Exercise prompt —
If a record contains an image, leave the image out and repeat everything else exactly.

----

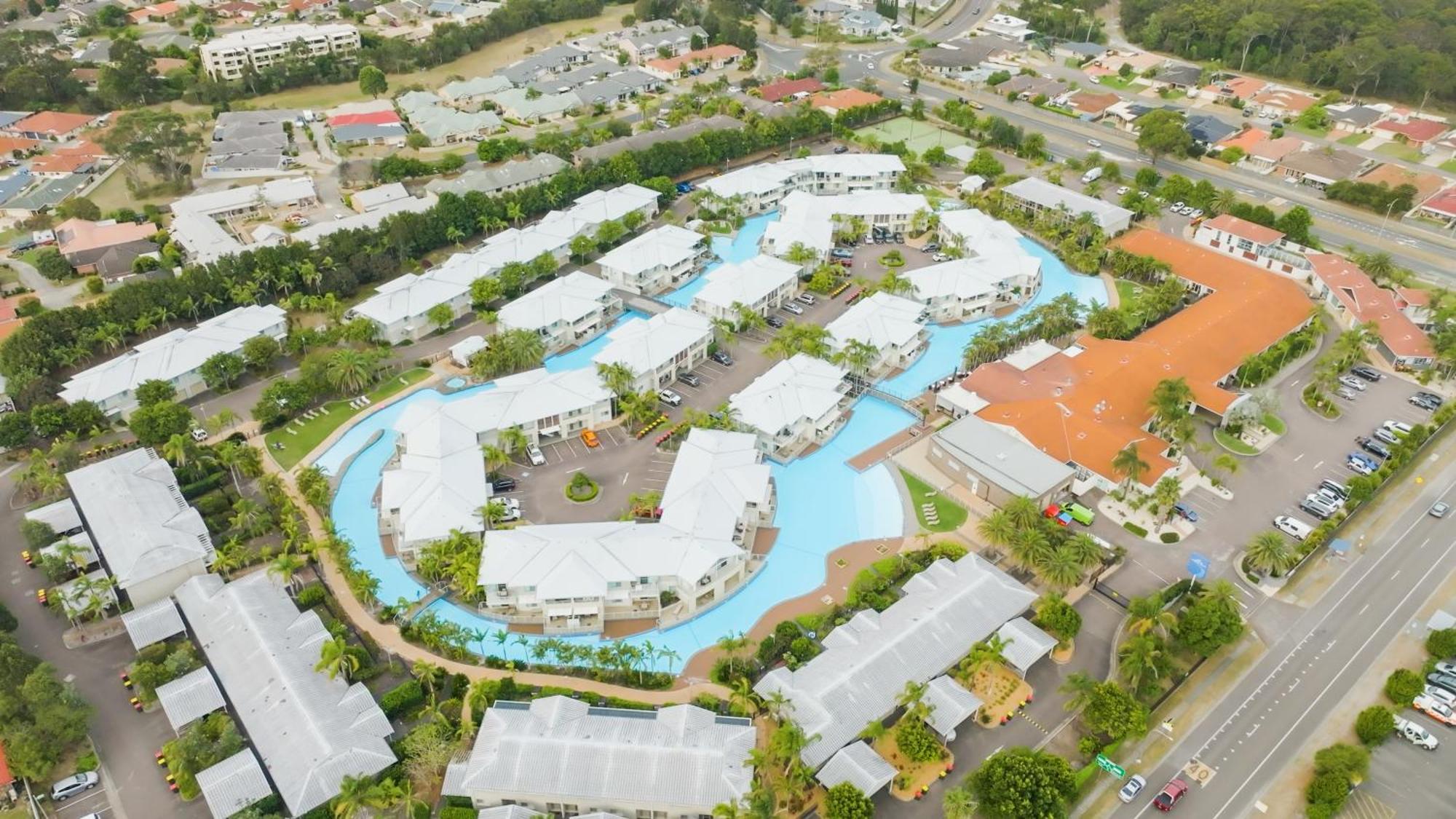 Oaks Port Stephens Pacific Blue Resort Salamander Bay Luaran gambar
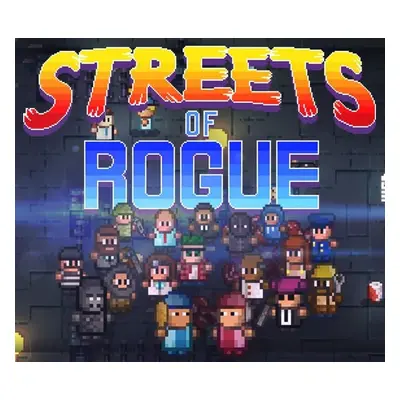 Streets of Rogue PC Steam Account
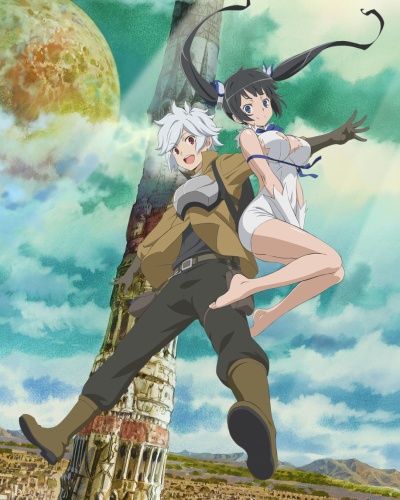 ,     ? / Danmachi / Dungeon ni Deai o Motomeru no wa Machigatte Iru Darou ka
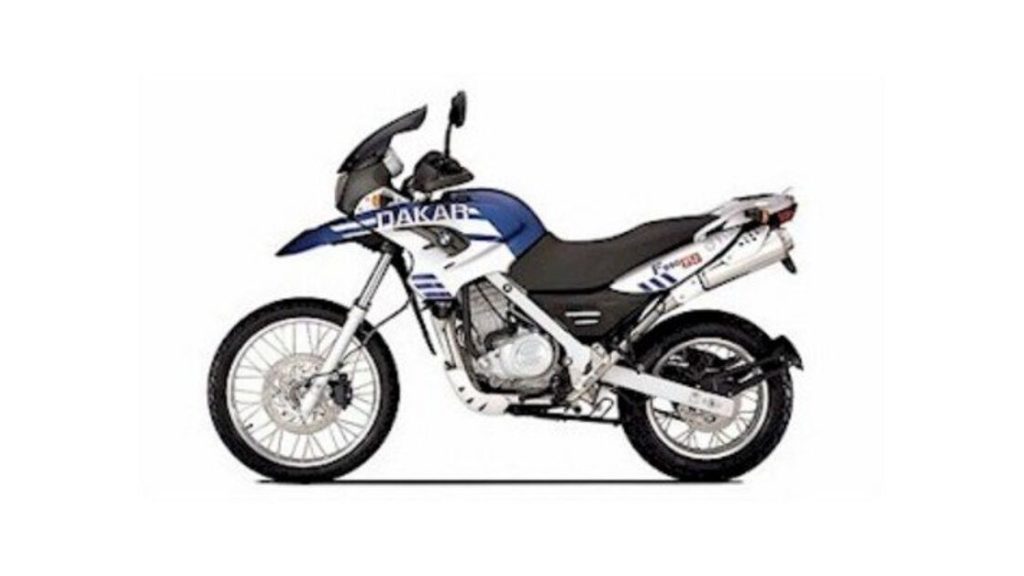 2005 BMW F 650 GS Dakar - 2005 بي إم دبليو F 650 GS داكار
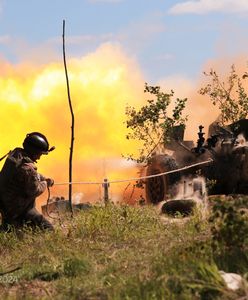Rosjanie nacierają. Obronili ważny przyczółek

----

Task answer —
 Oaks Port Stephens Pacific Blue Resort Salamander Bay Luaran gambar
 Streets of Rogue PC Steam Account
 ,     ? / Danmachi / Dungeon ni Deai o Motomeru no wa Machigatte Iru Darou ka
 2005 BMW F 650 GS Dakar - 2005 بي إم دبليو F 650 GS داكار
Rosjanie nacierają. Obronili ważny przyczółek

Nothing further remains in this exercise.